PROBLEM TO WORK ON: I'd like the entries that follow repeated exactly, with the pictures left out.

══════

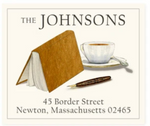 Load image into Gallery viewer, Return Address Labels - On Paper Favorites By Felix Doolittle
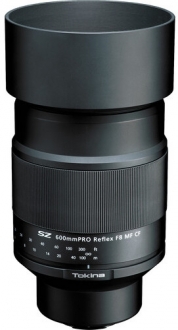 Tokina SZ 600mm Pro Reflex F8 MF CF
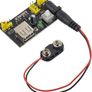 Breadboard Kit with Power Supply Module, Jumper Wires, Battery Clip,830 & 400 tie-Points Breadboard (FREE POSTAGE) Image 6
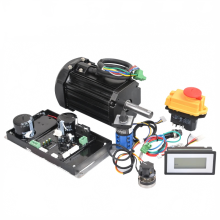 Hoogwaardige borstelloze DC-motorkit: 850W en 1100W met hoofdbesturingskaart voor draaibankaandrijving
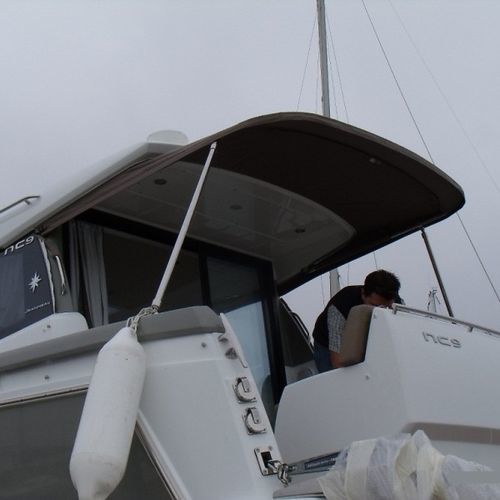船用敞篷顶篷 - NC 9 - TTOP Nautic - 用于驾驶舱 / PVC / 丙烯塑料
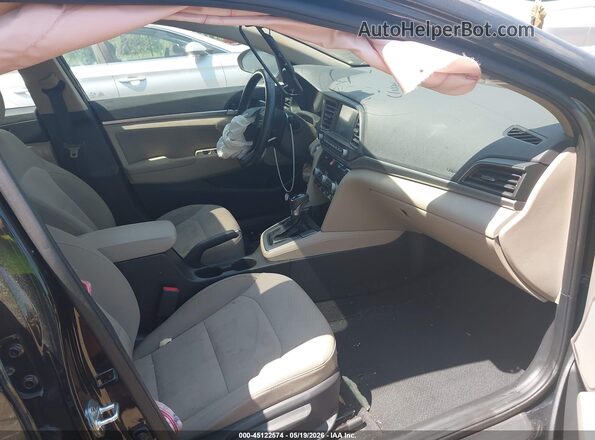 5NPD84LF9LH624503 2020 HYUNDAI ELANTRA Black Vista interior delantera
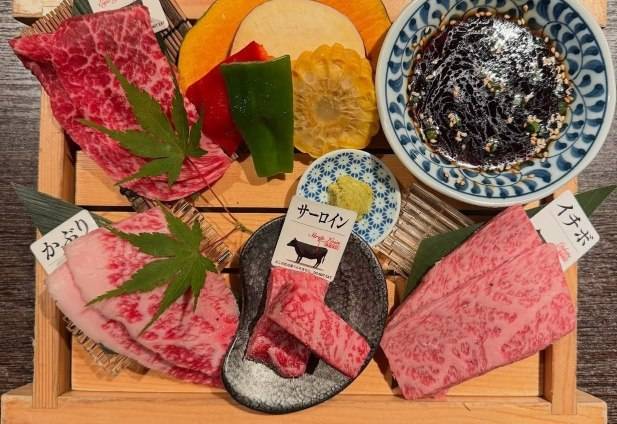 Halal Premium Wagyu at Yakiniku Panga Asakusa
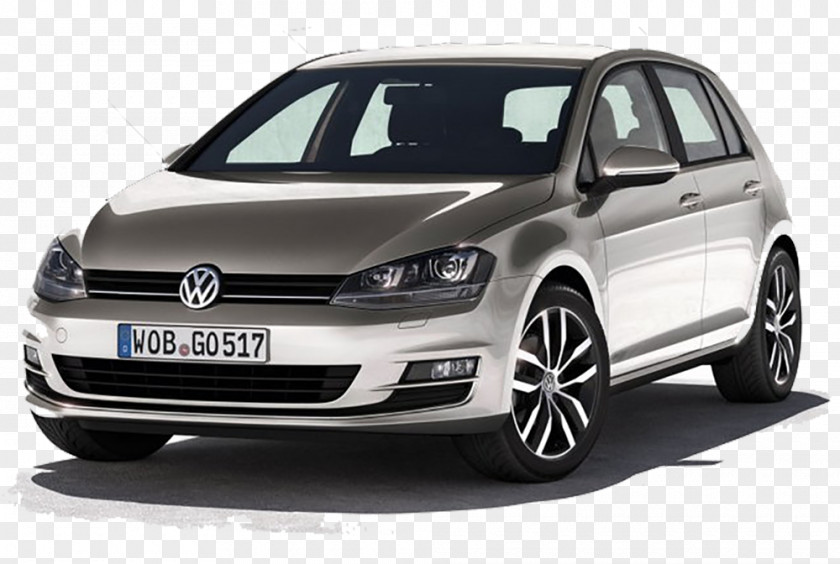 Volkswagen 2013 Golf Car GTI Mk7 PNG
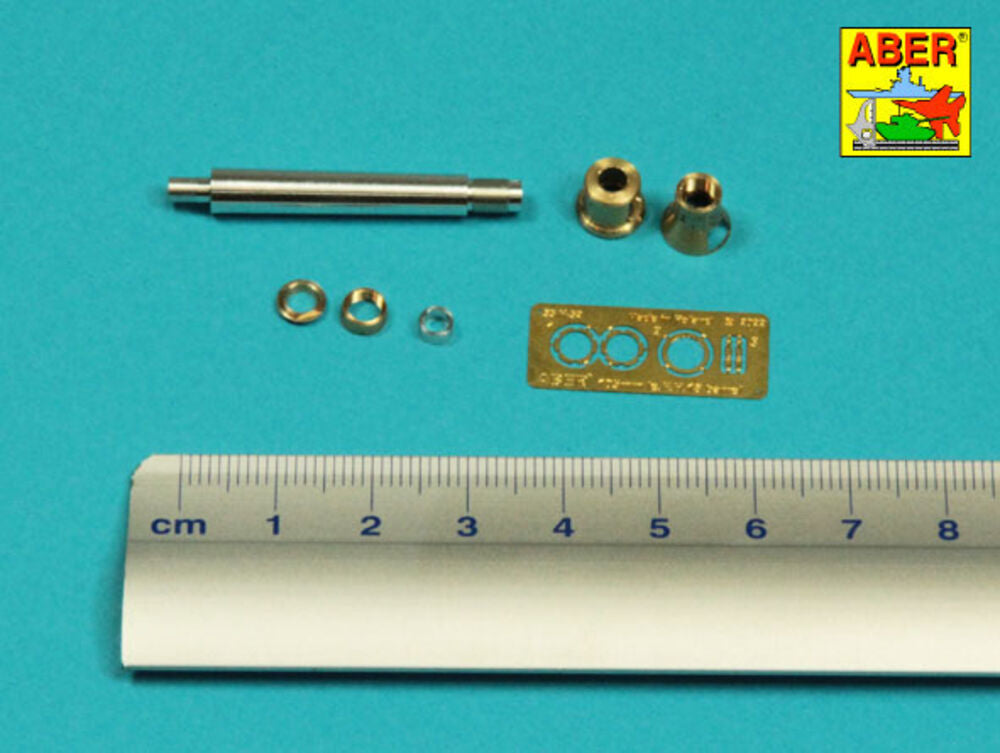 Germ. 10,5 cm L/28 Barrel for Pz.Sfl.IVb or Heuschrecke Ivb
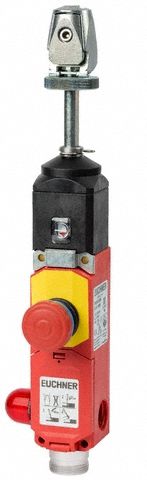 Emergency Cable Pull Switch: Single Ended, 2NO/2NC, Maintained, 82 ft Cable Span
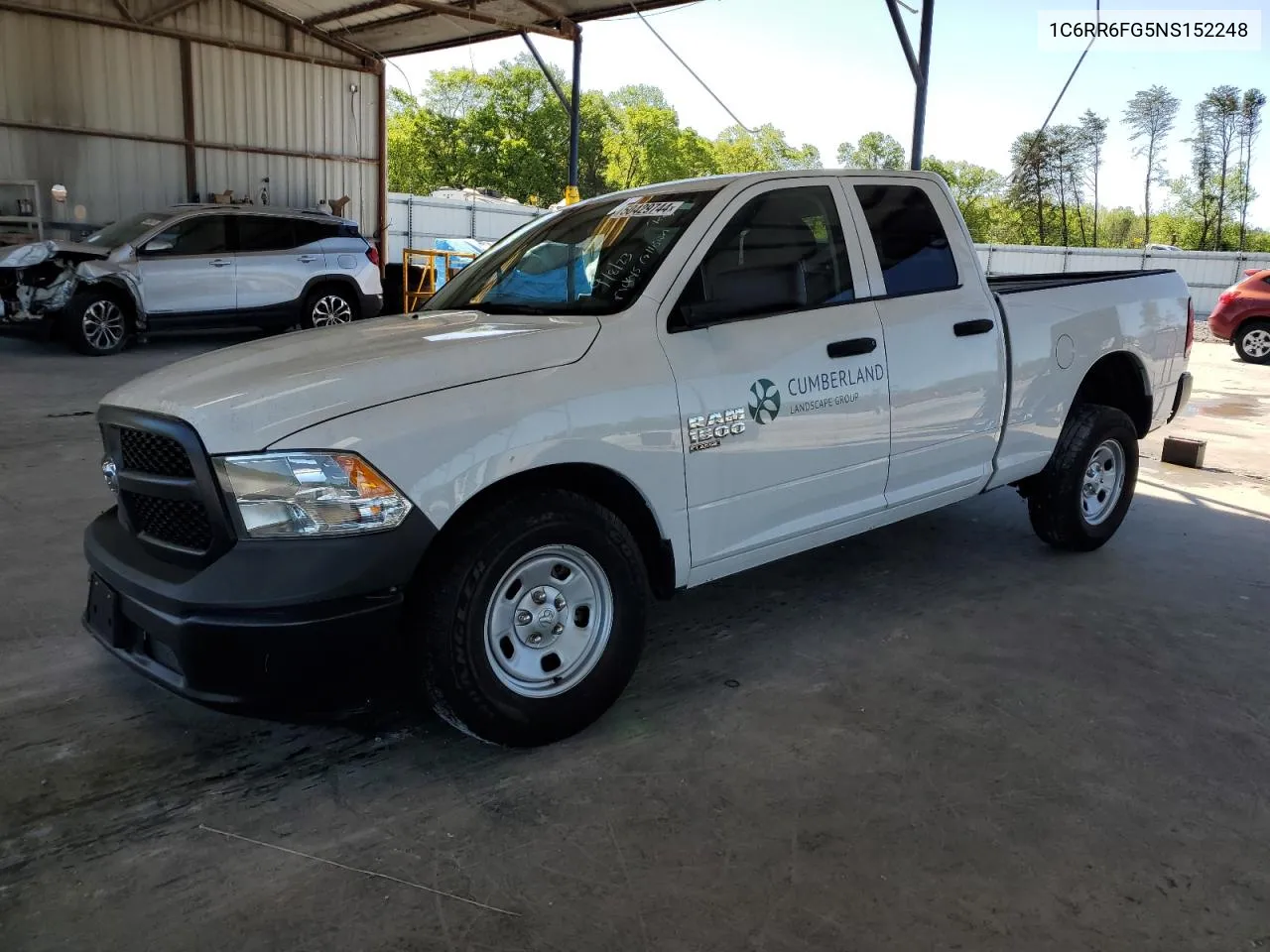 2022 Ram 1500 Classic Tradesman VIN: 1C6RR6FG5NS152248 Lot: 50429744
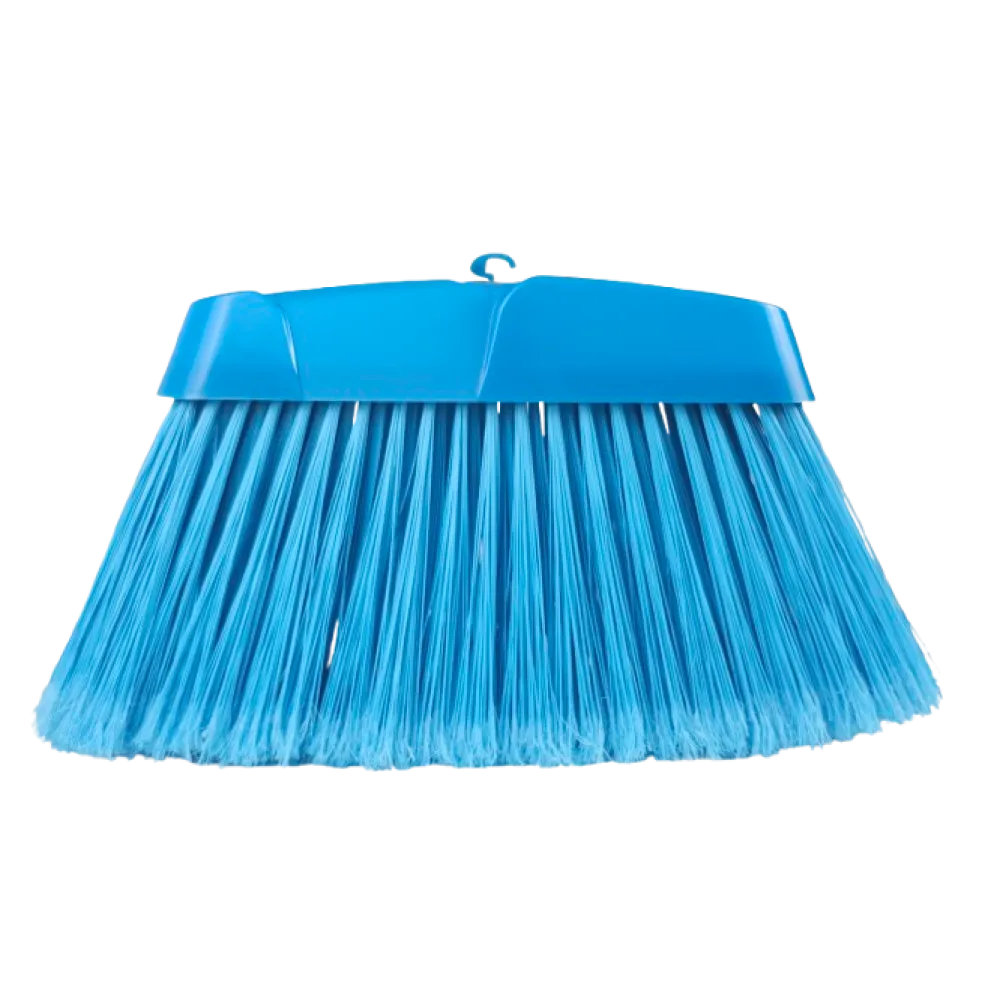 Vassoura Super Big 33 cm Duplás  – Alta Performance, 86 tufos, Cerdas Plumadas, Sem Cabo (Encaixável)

══════

REPLY:
 Load image into Gallery viewer, Return Address Labels - On Paper Favorites By Felix Doolittle
 Tokina SZ 600mm Pro Reflex F8 MF CF
 Breadboard Kit with Power Supply Module, Jumper Wires, Battery Clip,830 & 400 tie-Points Breadboard (FREE POSTAGE) Image 6
 Hoogwaardige borstelloze DC-motorkit: 850W en 1100W met hoofdbesturingskaart voor draaibankaandrijving
船用敞篷顶篷 - NC 9 - TTOP Nautic - 用于驾驶舱 / PVC / 丙烯塑料
 5NPD84LF9LH624503 2020 HYUNDAI ELANTRA Black Vista interior delantera
 Halal Premium Wagyu at Yakiniku Panga Asakusa
 Volkswagen 2013 Golf Car GTI Mk7 PNG
 Germ. 10,5 cm L/28 Barrel for Pz.Sfl.IVb or Heuschrecke Ivb
 Emergency Cable Pull Switch: Single Ended, 2NO/2NC, Maintained, 82 ft Cable Span
 2022 Ram 1500 Classic Tradesman VIN: 1C6RR6FG5NS152248 Lot: 50429744
 Vassoura Super Big 33 cm Duplás  – Alta Performance, 86 tufos, Cerdas Plumadas, Sem Cabo (Encaixável)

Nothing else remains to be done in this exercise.